Platforms also need to set up a system for stablecoin payments. Businesses prefer stablecoins as a payment option because they’re less volatile than cryptos, and the amount they receive is the same regardless of when they cash out. The value of stablecoins is usually tied to the value of the US dollar.
Cross-chain bridging technology is another common one. Businesses that use these have an easier time consolidating assets and remaining liquid, even when receiving payments from different networks. For example, a payment received on one blockchain might later be transferred to another network where the company manages its treasury.
Developer tools and APIs are equally important. Many payment platforms offer developer kits that can be used to integrate payment functionality into websites or applications. The tools can be used to simplify tasks such as generating wallet addresses, monitoring transactions, and initiating transfers.

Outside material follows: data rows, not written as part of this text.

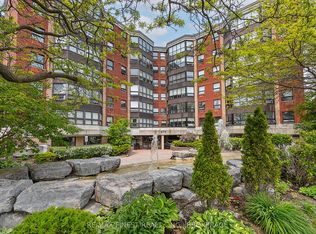 675 Davis Dr #601, Kingston, ON K7M8L5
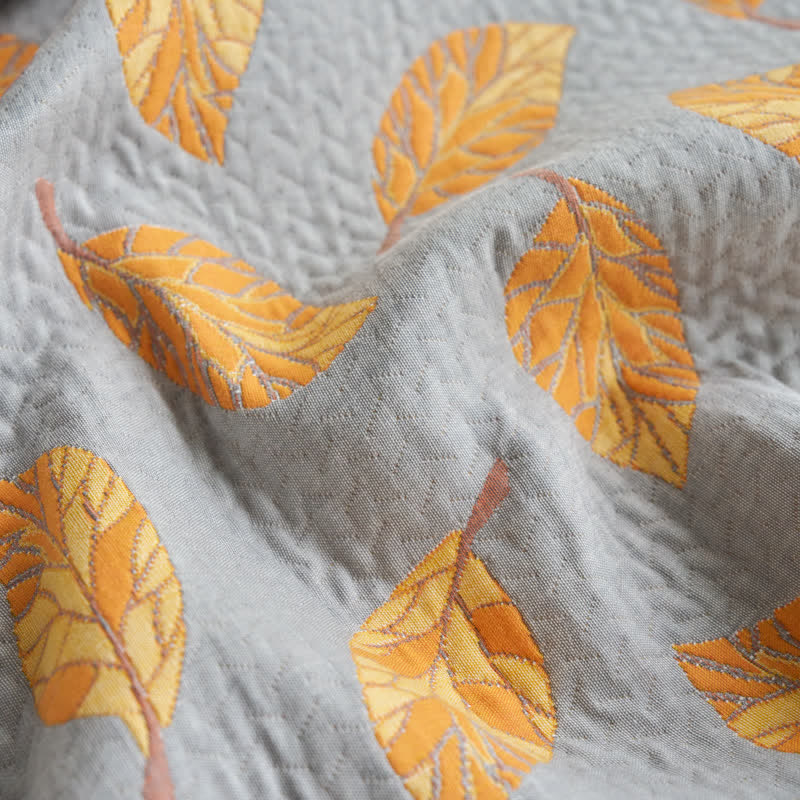 Couette légère en gaze à trois couches avec motif de feuilles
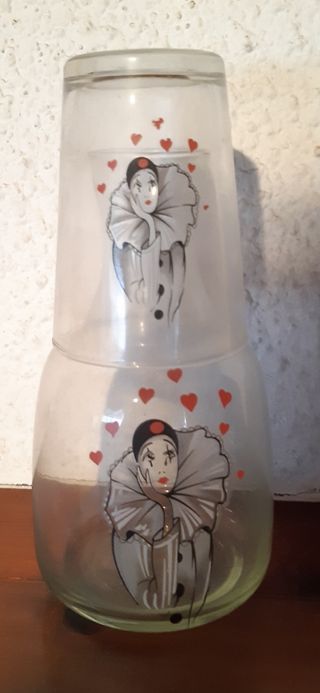 Vaso y botella mesita de noche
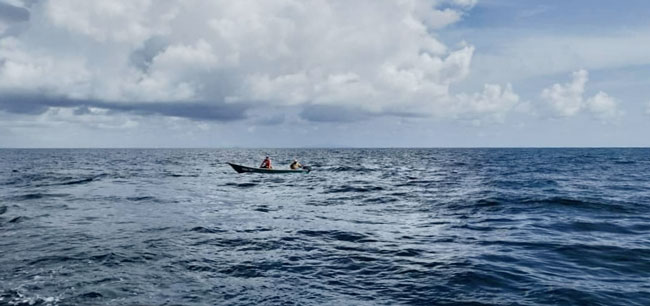 哥打丁宜丹绒素里里海域于星期日发生渔夫坠海漂流事件，所幸渔夫在隔日被发现。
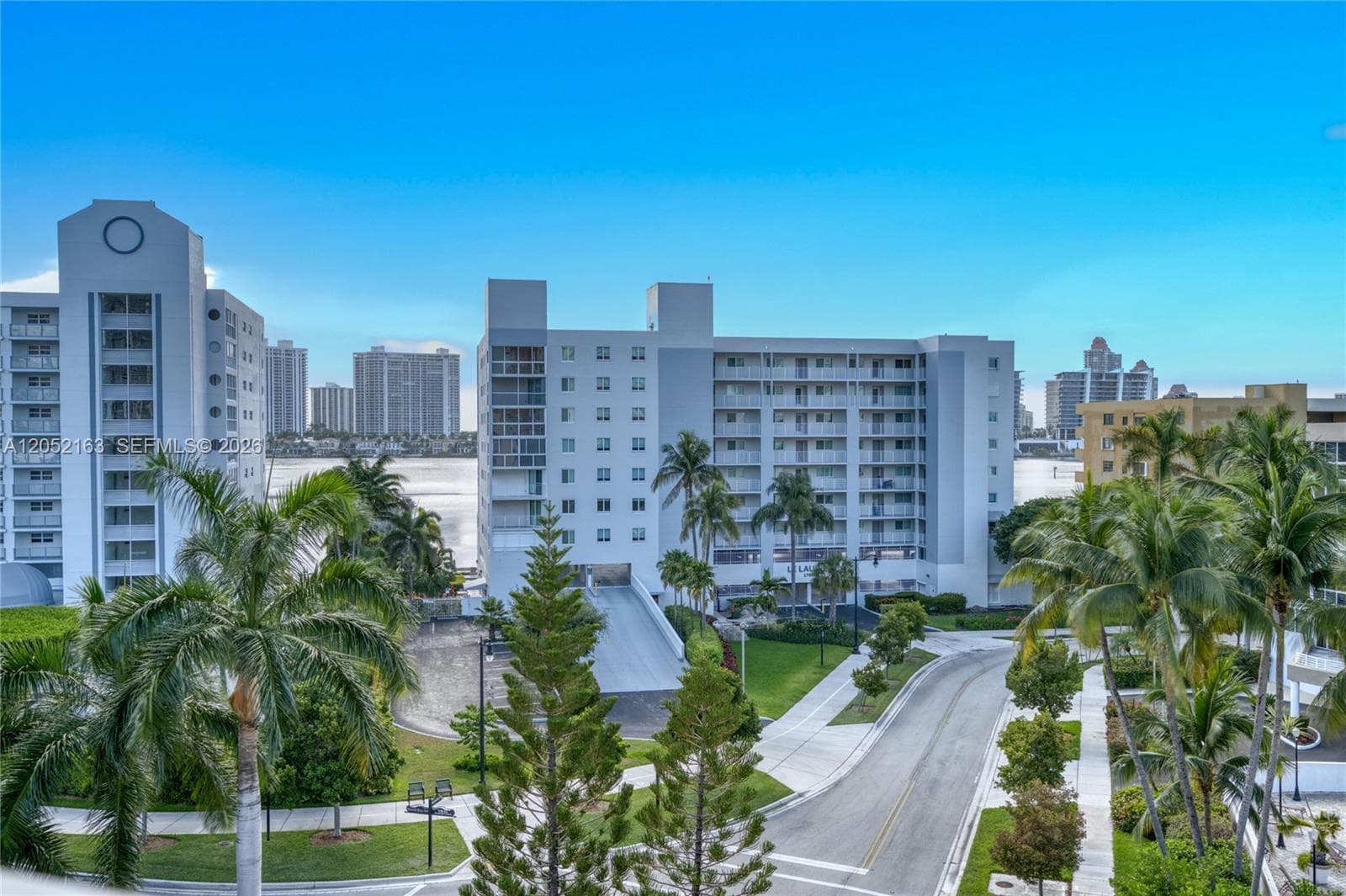 MARBELLA TOWER CONDO · #711 in Sunny Isles Beach - Photo 28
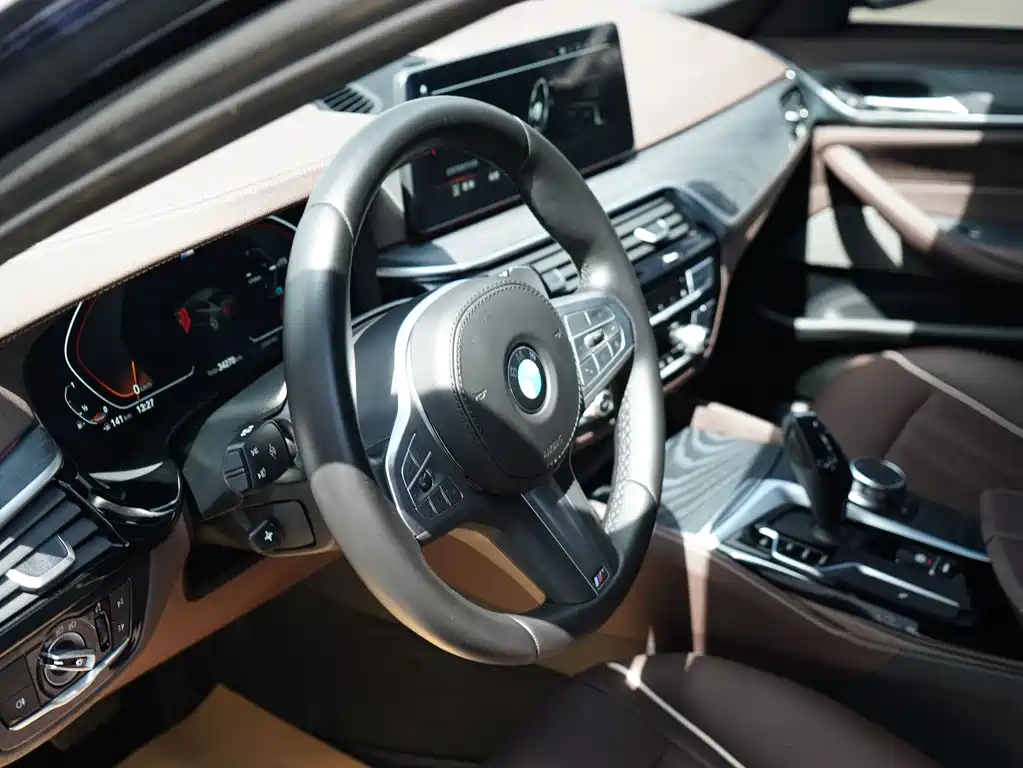 BMW 5 Series 2023 — фото 16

Outside tools could also be used, but these require more skilled developers.
In the end, payment platforms need to invest in security measures. Multi-chain systems increase the number of potential vulnerabilities and the number of platforms that invest in security to build their own reputations with clients and customers. The security should also include: regular security audits, secure key management, and careful monitoring of the smart contract.
Key Challenges in Multi-Chain Payment Systems
Even though using a multi-chain payment system has many advantages, it also presents challenges. The most important of these is security. Cross-chain bridges, which enable assets to move between networks, have historically been targeted by hackers. These systems usually hold large assets, which could make them vulnerable.
Another issue comes from liquidity fragmentation. Since different networks use different systems and coins, liquidity can be scattered across them. Managing this fragmentation requires careful treasury management and efficient bridging solutions. In some cases, it may even mean that a business can’t access the funds as they need them.
Operational complexity is another issue that’s especially difficult for small businesses. Each blockchain network has its own transaction format, fee structure, and technical infrastructure. If a business receives payments through all of these, it needs to adapt to all of them.
Maintaining such a payment system can be costly, and in the end, the cost is transferred to the end users, meaning those making payments via the system. It means that a business that accepts payments via a variety of channels may be too expensive for small transactions. Multi-chain systems require ongoing monitoring, software updates, and security audits. All of these would add to the end cost.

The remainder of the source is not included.